# Source data:
════════════════

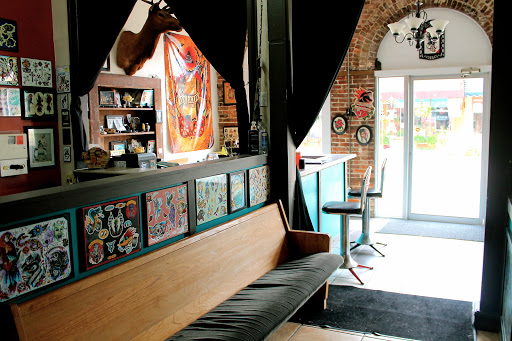 Tattoo Shop «Ironclad Tattoo Gallery», reviews and photos, 194 N 2nd Ave, Saltillo, MS 38866, USA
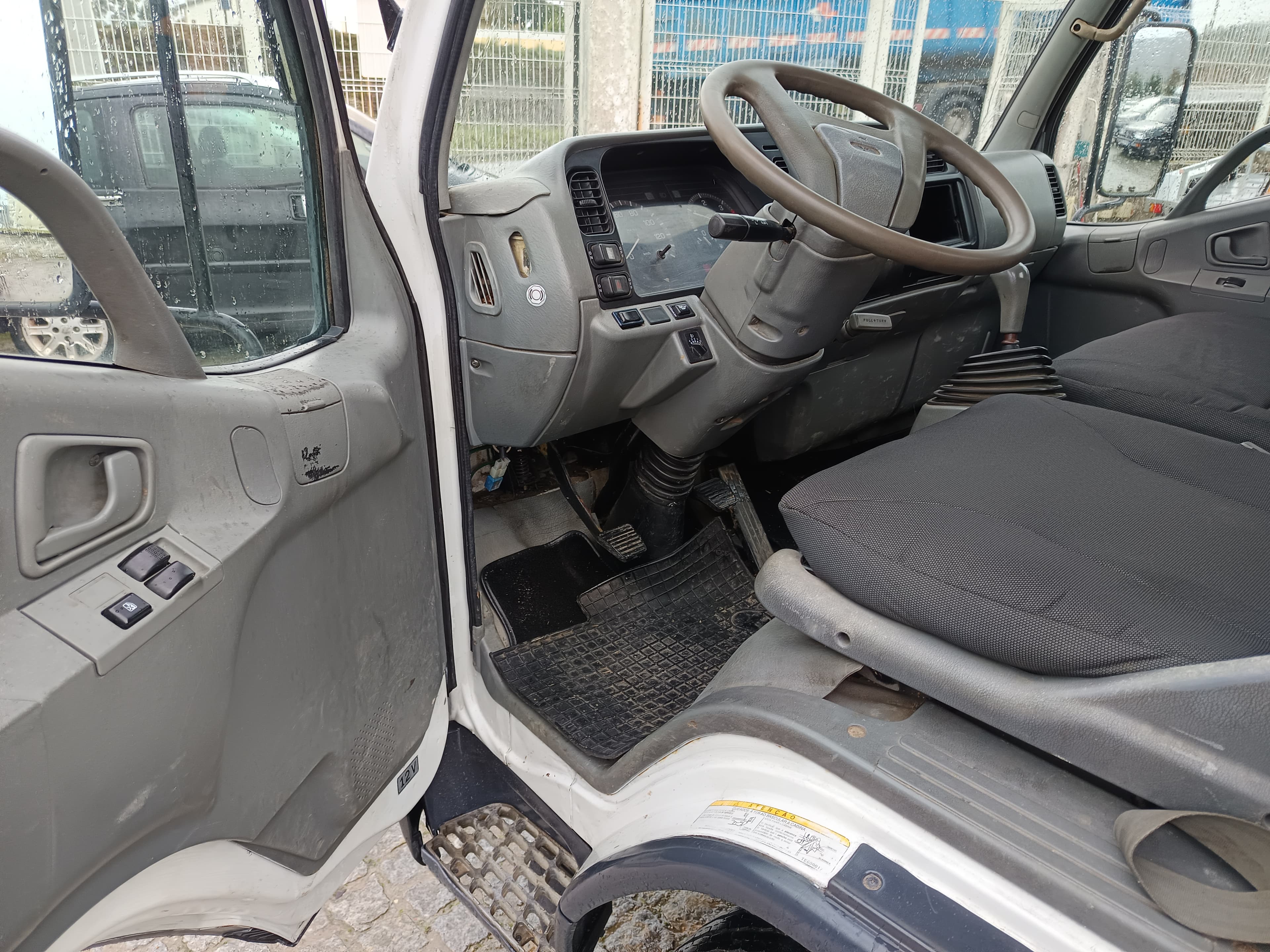 Mitsubishi Canter · Ano 2003 — imagem 18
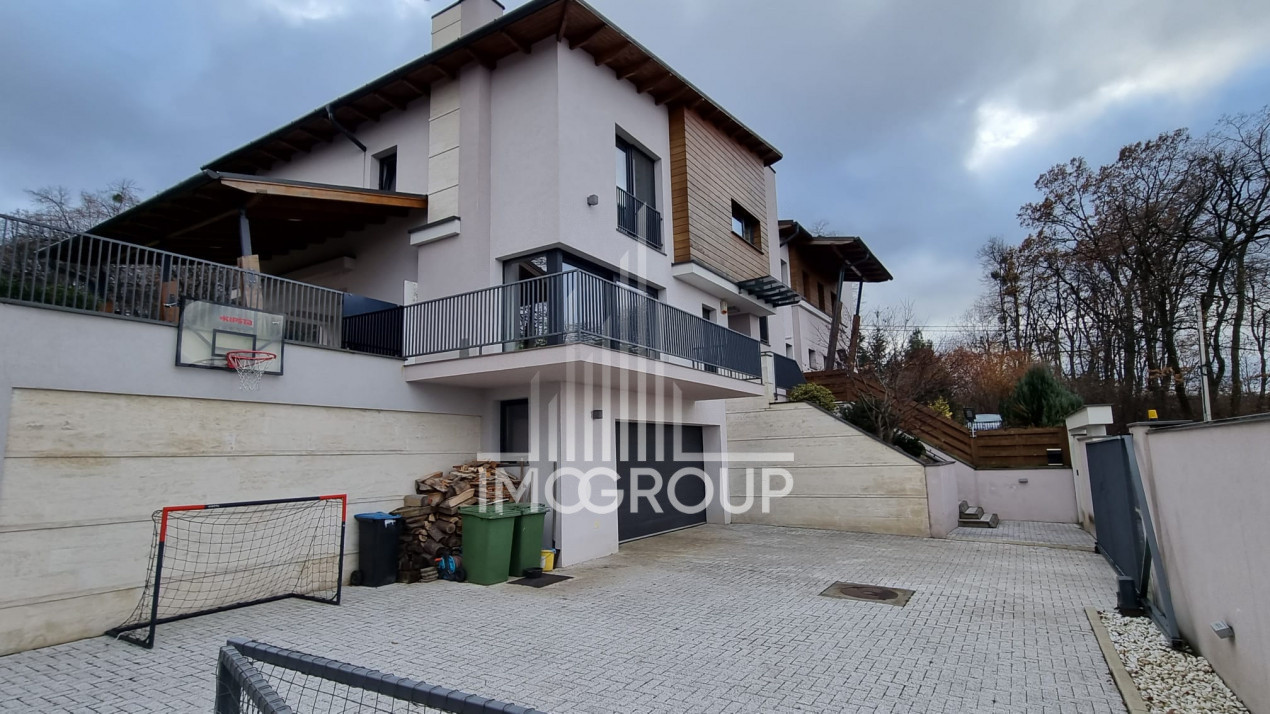 De vanzare casa superba Faget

════════════════

# Exercise prompt:
Every line above should be repeated exactly; pictures stay out of the copy.

# Written response:
 Tattoo Shop «Ironclad Tattoo Gallery», reviews and photos, 194 N 2nd Ave, Saltillo, MS 38866, USA
 Mitsubishi Canter · Ano 2003 — imagem 18
 De vanzare casa superba Faget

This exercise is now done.